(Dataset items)
══════════

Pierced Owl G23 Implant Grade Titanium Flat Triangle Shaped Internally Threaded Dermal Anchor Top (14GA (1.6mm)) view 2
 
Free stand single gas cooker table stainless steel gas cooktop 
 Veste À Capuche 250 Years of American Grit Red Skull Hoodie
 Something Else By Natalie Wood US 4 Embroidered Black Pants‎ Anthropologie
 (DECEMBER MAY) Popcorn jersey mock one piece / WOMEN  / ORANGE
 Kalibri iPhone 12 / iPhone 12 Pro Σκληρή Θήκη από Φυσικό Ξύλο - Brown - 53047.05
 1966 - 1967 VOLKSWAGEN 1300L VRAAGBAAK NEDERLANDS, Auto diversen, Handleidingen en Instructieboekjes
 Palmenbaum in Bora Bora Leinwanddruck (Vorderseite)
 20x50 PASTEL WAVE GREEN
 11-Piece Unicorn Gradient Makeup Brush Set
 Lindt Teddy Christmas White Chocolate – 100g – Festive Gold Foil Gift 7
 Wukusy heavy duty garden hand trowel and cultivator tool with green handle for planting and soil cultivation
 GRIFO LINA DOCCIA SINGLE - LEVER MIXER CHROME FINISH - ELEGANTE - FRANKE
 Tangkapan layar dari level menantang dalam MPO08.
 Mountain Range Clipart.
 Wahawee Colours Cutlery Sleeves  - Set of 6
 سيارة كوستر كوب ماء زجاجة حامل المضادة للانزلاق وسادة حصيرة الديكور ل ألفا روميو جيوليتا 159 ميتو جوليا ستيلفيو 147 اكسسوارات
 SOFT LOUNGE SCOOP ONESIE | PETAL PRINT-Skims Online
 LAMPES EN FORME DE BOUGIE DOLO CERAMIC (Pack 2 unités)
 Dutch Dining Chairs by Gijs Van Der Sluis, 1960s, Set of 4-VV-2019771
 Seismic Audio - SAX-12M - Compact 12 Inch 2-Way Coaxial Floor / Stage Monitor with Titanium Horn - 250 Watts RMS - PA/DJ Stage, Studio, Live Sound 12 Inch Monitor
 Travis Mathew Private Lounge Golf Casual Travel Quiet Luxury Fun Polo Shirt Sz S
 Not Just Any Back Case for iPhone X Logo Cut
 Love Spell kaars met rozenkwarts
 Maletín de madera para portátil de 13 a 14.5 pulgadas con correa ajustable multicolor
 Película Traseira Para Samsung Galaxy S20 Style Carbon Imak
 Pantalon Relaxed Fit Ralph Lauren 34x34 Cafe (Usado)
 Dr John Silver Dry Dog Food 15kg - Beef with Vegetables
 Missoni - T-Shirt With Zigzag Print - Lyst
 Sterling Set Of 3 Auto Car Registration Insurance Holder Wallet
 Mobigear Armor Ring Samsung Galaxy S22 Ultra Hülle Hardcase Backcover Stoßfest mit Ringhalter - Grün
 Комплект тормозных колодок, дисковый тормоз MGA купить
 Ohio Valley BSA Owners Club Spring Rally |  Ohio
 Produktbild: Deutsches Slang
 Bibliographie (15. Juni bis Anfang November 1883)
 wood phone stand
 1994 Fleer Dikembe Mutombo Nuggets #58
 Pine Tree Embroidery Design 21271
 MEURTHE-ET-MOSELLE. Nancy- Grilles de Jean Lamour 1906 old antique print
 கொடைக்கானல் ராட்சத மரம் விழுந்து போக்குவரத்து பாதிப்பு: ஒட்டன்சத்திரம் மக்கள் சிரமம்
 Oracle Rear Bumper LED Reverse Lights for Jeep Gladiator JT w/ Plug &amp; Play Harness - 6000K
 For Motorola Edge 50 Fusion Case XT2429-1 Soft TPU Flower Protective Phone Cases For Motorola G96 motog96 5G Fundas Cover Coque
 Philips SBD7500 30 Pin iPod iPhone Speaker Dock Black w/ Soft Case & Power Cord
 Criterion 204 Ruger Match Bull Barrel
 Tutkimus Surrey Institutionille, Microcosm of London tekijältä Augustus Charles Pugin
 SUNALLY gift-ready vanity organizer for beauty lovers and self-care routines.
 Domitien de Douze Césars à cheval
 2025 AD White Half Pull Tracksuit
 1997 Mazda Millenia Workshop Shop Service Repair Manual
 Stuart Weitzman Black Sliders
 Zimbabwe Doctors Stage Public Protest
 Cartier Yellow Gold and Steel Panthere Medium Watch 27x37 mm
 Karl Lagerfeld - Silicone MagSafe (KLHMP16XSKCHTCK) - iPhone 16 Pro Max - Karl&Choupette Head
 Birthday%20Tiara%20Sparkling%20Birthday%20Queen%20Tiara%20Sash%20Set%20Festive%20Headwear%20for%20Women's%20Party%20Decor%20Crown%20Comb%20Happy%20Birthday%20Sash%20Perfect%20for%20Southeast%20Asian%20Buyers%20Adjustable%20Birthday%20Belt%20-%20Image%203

══════════

**Exercise details:**
With the line holding "Kalibri iPhone 12" as the first and the line holding "11-Piece Unicorn Gradient Makeup Brush Set" as the last, set down that range of the entries above exactly, and nothing else.

**Result for this exercise:**
 Kalibri iPhone 12 / iPhone 12 Pro Σκληρή Θήκη από Φυσικό Ξύλο - Brown - 53047.05
 1966 - 1967 VOLKSWAGEN 1300L VRAAGBAAK NEDERLANDS, Auto diversen, Handleidingen en Instructieboekjes
 Palmenbaum in Bora Bora Leinwanddruck (Vorderseite)
 20x50 PASTEL WAVE GREEN
 11-Piece Unicorn Gradient Makeup Brush Set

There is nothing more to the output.